3. Results and discussion The obtained CDs with low toxicity and high fluorescence quantum yield of 32.25% were prepared via a facile hydrothermal approach with citric acids as the precursor. Then primary amino groups were modified onto the surface of CDs through a passivation process. The prepared fluorescence nanosensor (CDs@NH2) has showed a blue single-emission peak at 431 nm under the excitation wavelength of 337 nm. In the presence of TNT, the electron-deficient TNT and electron-rich primary amino groups on the surface of CDs would form the stable Meisenheimer complexes. And this kind of stable Meisenheimer complexes could be the acceptor to the CDs. The highest occupied molecular orbital (HOMO) of acceptor’s lone pair of electrons is between the HOMO and the lowest unoccupied molecular orbital (LUMO) of the fluorophore (CDs). After excited, the lone pair electron was transferred to the HOMO of the fluorophore, and thus the radioactive transitions of the fluorophore have been prevented, resulting in PET effect, and then caused the fluorescence quenching. The preparation route and sensing mechanism of the visual fluorescence sensor are shown in Fig. 1.

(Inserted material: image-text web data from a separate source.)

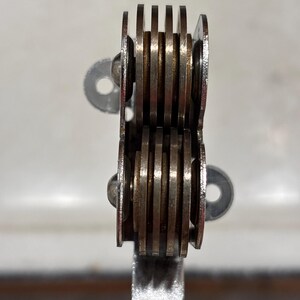 May include: A kitchen tool featuring two stacked sets of four circular metal blades arranged in parallel rows. The silver-toned blades are held together by a central metal frame and are attached to a light-colored handle at the base of the unit.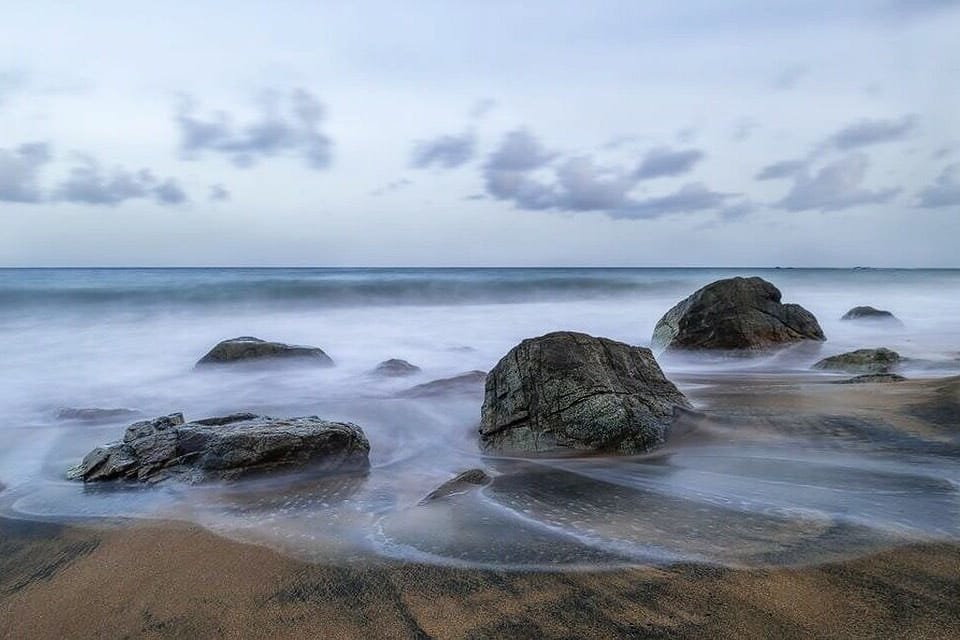 A beach with large rocks and calm water.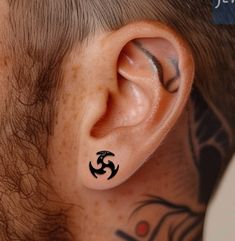 a man with a tattoo on his ear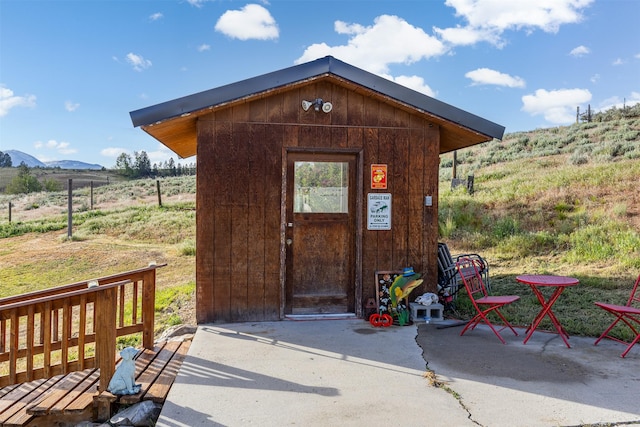 688 Black Horse Trl, Stevensville, MT 59870 - view of outdoor structure featuring an outdoor structure and a mountain view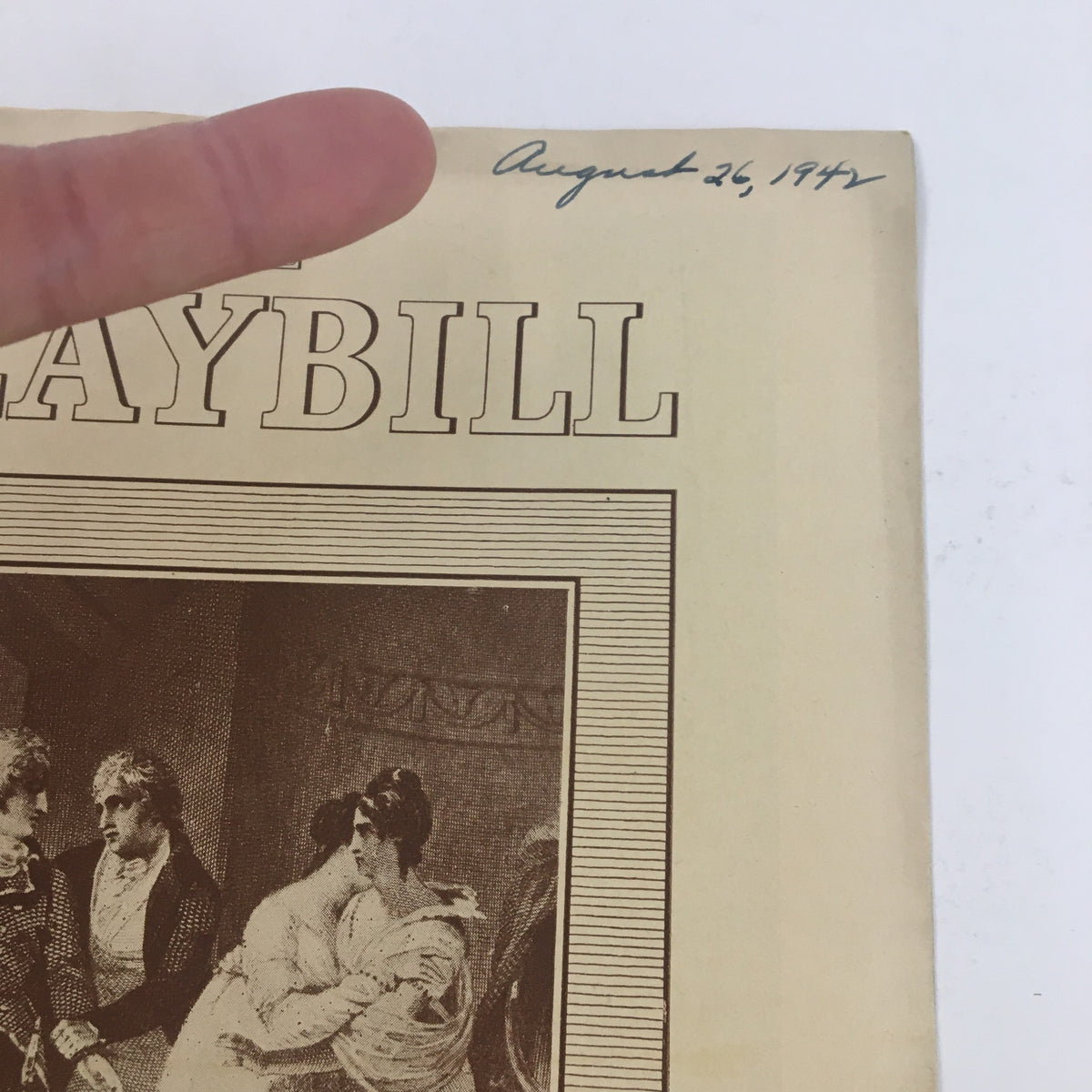 Close-up view of the 1942 Playbill for My Sister Eileen featuring the title and a handwritten date, adding a unique touch to this collectible theatre memorabilia.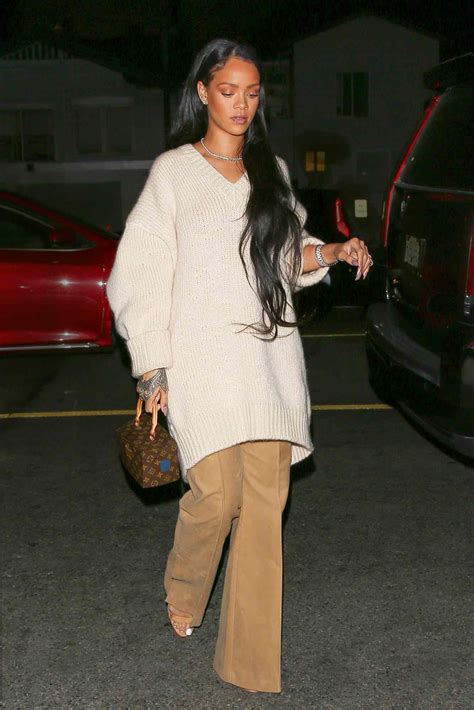 rihanna s wears cozy oversize sweater and flare trousers in l a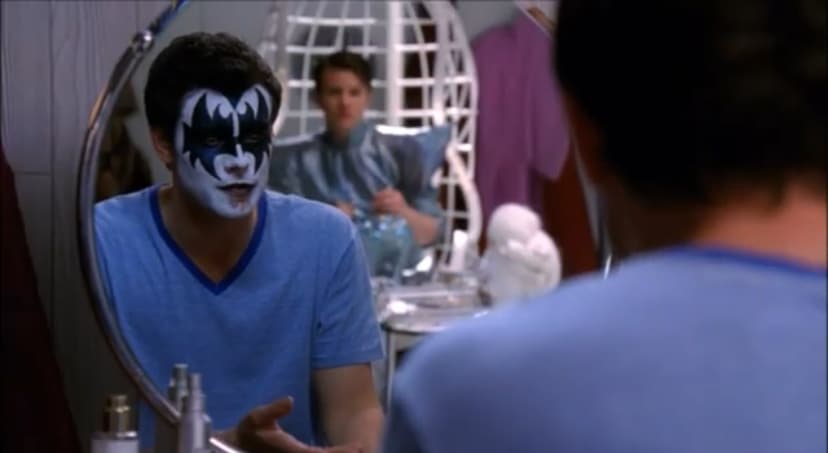 Finn Hudson looks in the mirror as he's dressed like a Kiss member.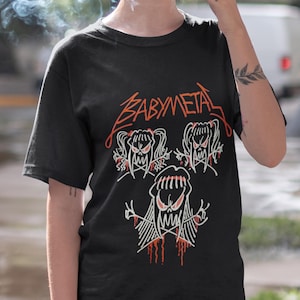 Pode incluir: Camiseta preta com um gr&aacute;fico branco da banda Babymetal. O gr&aacute;fico apresenta tr&ecirc;s cr&acirc;nios de desenhos animados com cabelo comprido e sangue pingando.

3.1 Characterization of CDs@NH2 nanosensor XRD pattern of CDs@NH2 (Fig. 2a) showed that a peak appears in the range of 20 to 25o. The peak can be assigned to the (002) plane of graphite, indicating that the prepared nanosensor is amorphous. The functionalization and surface functional 10
groups of CDs and CDs@NH2 were characterized by FT-IR (Fig. 2b). In the spectrum of CDs, the peak at 3431.33 is the O-H stretching vibration peak, and the peak at 1698.06 can be assigned to the C=O stretching vibration. Compared with CDs, the characteristic peaks at 3188.74 and 3139.50 for the spectrum of CDs@NH2 can be assigned to the N-H functional groups, indicating that primary amino groups have been decorated on the CDs successfully. The size and morphology of CDs@NH2 were characterized by TEM, as shown in Fig. 2c. TEM image shows that the CDs@NH2 is of with narrow size (below 10 nm) and a spherical morphology. CDs@NH2 solution was diluted to suitable concentration to be characterized by Zeta potential (Fig.2d). The average size of CDs@NH2 ranges from 1 to 9 nm, the majority of particles in the 4 nm, which was consistent with the TEM images. The ζ potential of CDs@NH2 in aqueous media was also determined as +2.38 mV, which indicates that there are many positive charges on the CDs owing to the existence of primary amino groups. Due to these positive charges, electrostatic repulsion appeared between each CDs nanoparticles, which led to the great dispersibility in solution and it can be further used for detection in aqueous media.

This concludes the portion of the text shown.